CINDY GRACE THYER, Judge
The appellant, Altice USA, Inc., does business in Arkansas as Suddenlink
Communications (Suddenlink). Suddenlink provides cable television, internet, and
telephone services to subscribing customers throughout Arkansas. Appellees Ronnie Francis
and Debbie Francis filed a complaint in the Clark County Circuit Court alleging that they
were entitled to damages for alleged breach of contract and violations of the Arkansas
Deceptive Trade Practices Act.
Suddenlink unsuccessfully moved to compel arbitration in circuit court, and pursuant
to Arkansas Code Annotated section 16-108-228 (Repl. 2016) and Rule 2(a)(12) of the Arkansas Rules of Appellate Procedure–Civil, it now takes this appeal. As we do in four
other cases that we decide today on similar facts, we reverse and remand.1
I. Factual Background
The Francises subscribed to Suddenlink’s internet and television services on a month-
to-month basis. On July 29, 2020, they filed a complaint alleging that they “regularly
experience service problems and outages,” and in the last year, had lost service “dozens of
times.” The Francises also claimed that Suddenlink regularly imposed late fees on their
account “even though [they had] made timely monthly payments[.]” They said that their
monthly bill inexplicably increased seventy dollars in April 2020, and several attempts to
contact Suddenlink—even through the Federal Communications Commission—were
unsuccessful. They further alleged that despite their timely payments, Suddenlink
disconnected their service in July 2020 without prior notice, forcing them to pay additional
reconnection fees. The Francises also claimed that they never received a discount or credit
to compensate them for the outages that they experienced. They asserted that, as a result,
they were entitled to damages for alleged violations of the Arkansas Deceptive Trade
Practices Act and for breach of contract.

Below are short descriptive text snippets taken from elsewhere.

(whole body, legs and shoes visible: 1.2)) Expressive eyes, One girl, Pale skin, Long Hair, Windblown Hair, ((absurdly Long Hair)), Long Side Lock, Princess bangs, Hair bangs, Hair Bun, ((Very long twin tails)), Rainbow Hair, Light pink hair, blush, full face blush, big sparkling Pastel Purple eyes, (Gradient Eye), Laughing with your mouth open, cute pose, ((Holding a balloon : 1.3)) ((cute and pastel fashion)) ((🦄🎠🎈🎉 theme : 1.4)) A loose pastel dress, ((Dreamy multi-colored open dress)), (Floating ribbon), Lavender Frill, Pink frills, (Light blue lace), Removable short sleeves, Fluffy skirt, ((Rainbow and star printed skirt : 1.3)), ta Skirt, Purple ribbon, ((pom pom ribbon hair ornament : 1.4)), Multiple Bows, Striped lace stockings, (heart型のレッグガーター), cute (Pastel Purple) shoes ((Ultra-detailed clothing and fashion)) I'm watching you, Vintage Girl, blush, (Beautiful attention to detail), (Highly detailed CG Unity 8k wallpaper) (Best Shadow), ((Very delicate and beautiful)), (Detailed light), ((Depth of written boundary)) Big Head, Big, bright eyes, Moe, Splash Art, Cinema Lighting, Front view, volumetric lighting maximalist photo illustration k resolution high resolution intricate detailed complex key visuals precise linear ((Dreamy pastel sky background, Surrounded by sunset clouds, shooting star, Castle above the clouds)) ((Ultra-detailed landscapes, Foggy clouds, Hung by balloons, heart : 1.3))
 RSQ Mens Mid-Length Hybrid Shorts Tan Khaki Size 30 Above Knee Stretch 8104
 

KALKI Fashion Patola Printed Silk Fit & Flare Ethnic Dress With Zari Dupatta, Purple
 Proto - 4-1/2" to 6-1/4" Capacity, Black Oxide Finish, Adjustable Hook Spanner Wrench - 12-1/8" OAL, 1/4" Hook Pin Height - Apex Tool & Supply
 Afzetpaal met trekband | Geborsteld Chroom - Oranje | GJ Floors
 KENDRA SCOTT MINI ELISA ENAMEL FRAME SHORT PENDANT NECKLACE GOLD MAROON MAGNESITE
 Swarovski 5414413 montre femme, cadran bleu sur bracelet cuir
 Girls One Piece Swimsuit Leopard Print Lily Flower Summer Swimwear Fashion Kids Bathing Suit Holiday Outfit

Suddenlink moved to compel arbitration on September 3, 2020, claiming it had a
valid arbitration agreement with the Francises. Its arguments in the Francis case were nearly
1 See Altice USA, Inc. v. Johnson, 2023 Ark. App. 120; Altice USA, Inc. v. Peterson, 2023 Ark. App. 116; Altice USA, Inc. v. Campbell, 2023 Ark. App. 123; Altice USA, Inc. v. Runyan, 2023 Ark. App. 124.
2 identical to those it made in its motion to compel arbitration in Altice USA, Inc. v. Peterson,
2023 Ark. App. 116, which we also decide today. Specifically, Suddenlink offered proof that
Ms. Francis signed an installation work order (including the same acknowledgment that she
had read and agreed to the general terms and conditions that the service technician provided
on an iPad or iPhone) when the Francises transferred their service to a new address on
February 25, 2020. Suddenlink also argued that the Francises had confirmed their agreement
to binding arbitration when they paid their monthly bills from January 2020 to July 2020,
as those bills provided that payment of the bill confirmed their acceptance of the Residential
Services Agreement (RSA) viewable on Suddenlink’s website.
The Francises filed a response to Suddenlink’s motion to compel arbitration on
September 16, 2020. The Francises claimed that they never agreed to submit to arbitration
and that Suddenlink had failed to offer proof—as they said it must—of any written agreement
between the parties. In support of their response, Ms. Francis executed an affidavit in which
she acknowledged that a technician came to their new home to transfer their internet and
television service. She claimed that the technician “was there about ten minutes and then
left” and that “he did not give us any paperwork of any kind.” Ms. Francis also testified that
she reviewed the installation work order bearing her signature but did not “remember ever
seeing that document and . . . never got a copy of it.” Ms. Francis concluded her affidavit by
declaring that “she never agreed to arbitrate any dispute with Suddenlink,” and “no one
from Suddenlink has ever mentioned arbitration to me.”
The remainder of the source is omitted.